● Exercise details
When you copy from the entries that follow, take only the lines from the one with "2015 CHEVROLET Silverado" down to the one with "Playing Cards (Single", keeping both ends and dropping every picture.

● Given entries
-----
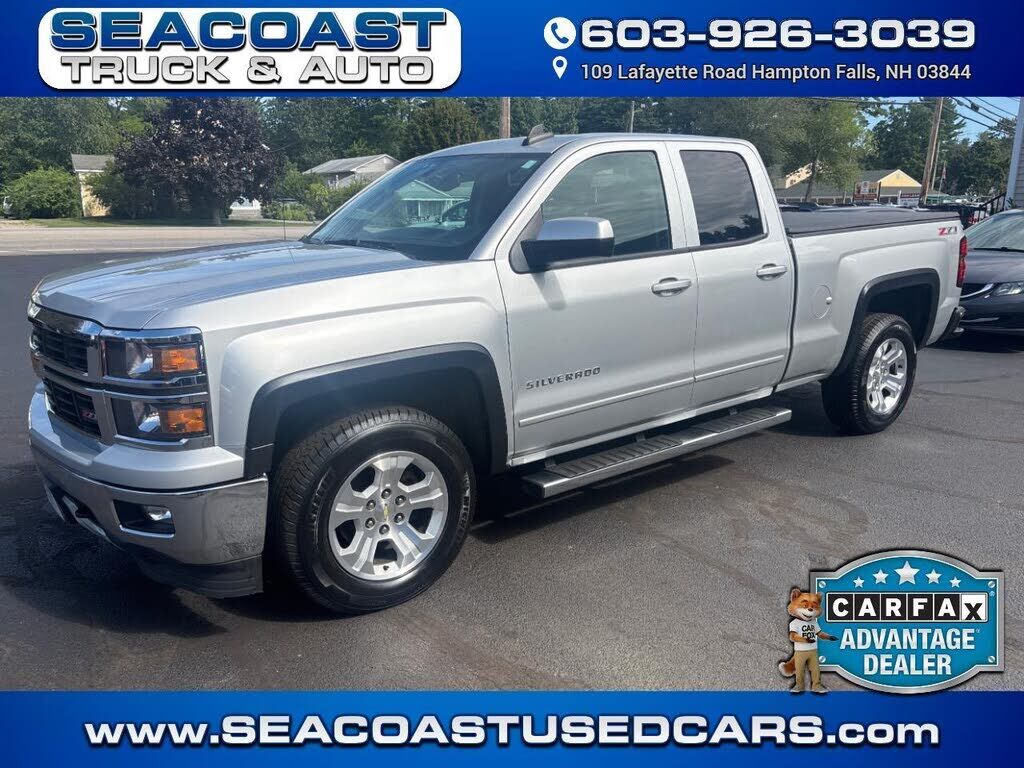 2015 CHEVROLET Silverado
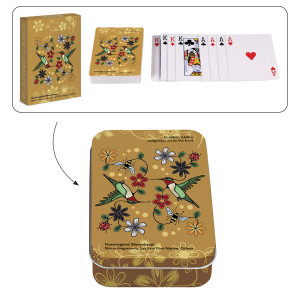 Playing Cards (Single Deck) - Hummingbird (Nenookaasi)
-----
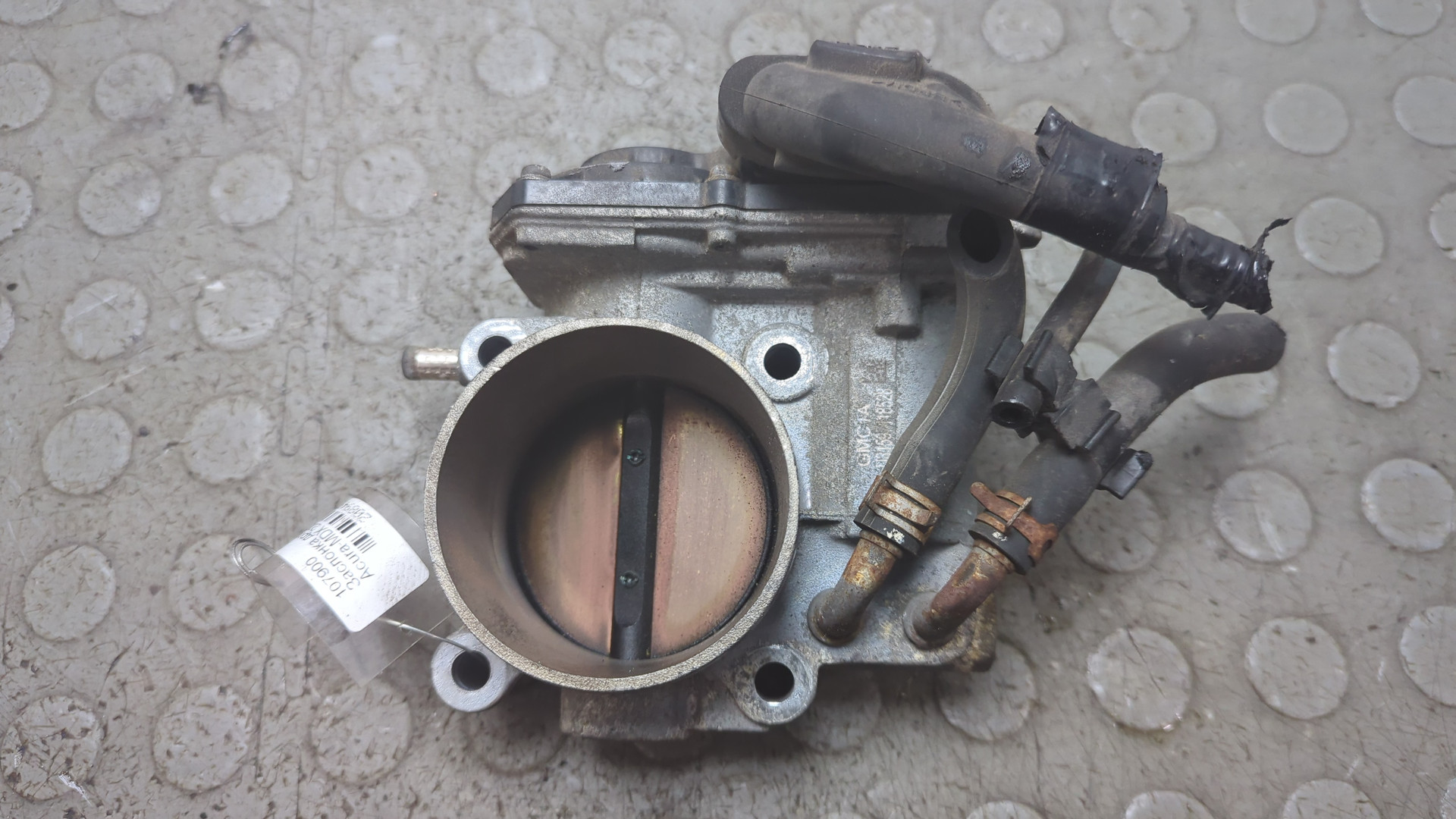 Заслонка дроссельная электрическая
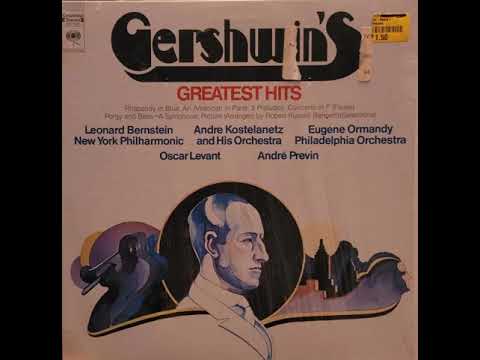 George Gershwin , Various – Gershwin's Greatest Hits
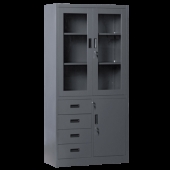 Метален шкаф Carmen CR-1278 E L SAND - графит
-----
● Answer to the exercise
 2015 CHEVROLET Silverado
 Playing Cards (Single Deck) - Hummingbird (Nenookaasi)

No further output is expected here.